Even the simplest of assertional proofs would have shown that the second free() could only be reached if p was NULL.

That same summer (at Microsoft), I found two seperate routines written by two different people in two different programs to imitate the strstr() function. (strstr() searches a string for a particular substring.) Both had the same bug:

    char *search (char *s1, char *s2)
    {
	/*
	 * Looks for s2 in s1, returns location in s1 or NULL.
	 */

	char *s, *match;

	for (; *s1; s1++) {
	    match = s1;
	    for (s = s2; *s; s++) {
		if (*s1 == *s) {
		    s1++;
		} else {
		    break;
		}
	    }
	    if (!*s) {
		return match;
	    }
	}

	return NULL;
    }

(Spend a minute here finding the bug.) Method (1) is very unlikely to find this bug. Method (2) is also very unlikely, just because the reader will cheat in the mental simulation and not consider every possible combination of input strings.

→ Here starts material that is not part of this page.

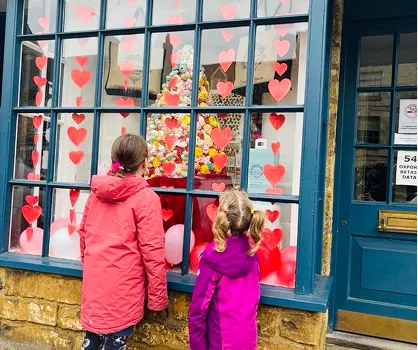 Two children looking through a shop window displaying hearts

It's not reasonable to expect programmers to constantly write out pages of formal proofs for every routine they write. Particularly complex or bug-prone code should be scrutinized more formally than methods (1) and (2) allow, though. Two tools can help in this respect:

I wrote a program a few years ago to do trivial assertional proofs of programs. It was very limited, but while writing the program I ran into a bit of tricky code where a particular setting of a debug switch should execute one printf inside a loop, and another setting should execute another after the loop. (This was more complicated than it sounds.) I fed this 10-line segment into the program with printfs replaced with setting boolean variables (printdebug1 and printdebug2 for inside and after the loop), and asked the program to prove that exactly one of the two would get printed: that printdebug1 != printdebug2 after the code segment was executed. The program returned "TRUE". Without any complicated testing or mental walk-through of code I was able to prove without a doubt (within the correctness of the proving program and my input to it) that my code was going to behave correctly. Programs are rarely, if ever, used to prove the correctness of critical sections of code, which is surprising considering how easy it is to do.

The second help is an intelligent editor or compiler. (The former would be harder to write but would catch more subtle bugs.) Either of these could do simple tracking of possible variable ranges. A fairly simple test would have detected my negative-value "if" above by tracking the range of s[0]. Some compilers already do this (range-tracking), although I haven't seen them warn users on this basis. For example, gcc will convert this code:

    i *= 2;
    i++;

into:

    i <<= 1;    /* Easy enough */
    i |= 1;     /* We know it's even, so just OR it in */

This is impressive and could lead to very helpful compile-time warnings.

In general, be wary of claims that code has been tested -- it is often not tested nearly enough and ends up costing much more wasted time later when bugs pop up and it's not obvious what module they're in. Get used to the formalisms that assertional proofs use. They even help when doing operational proofs.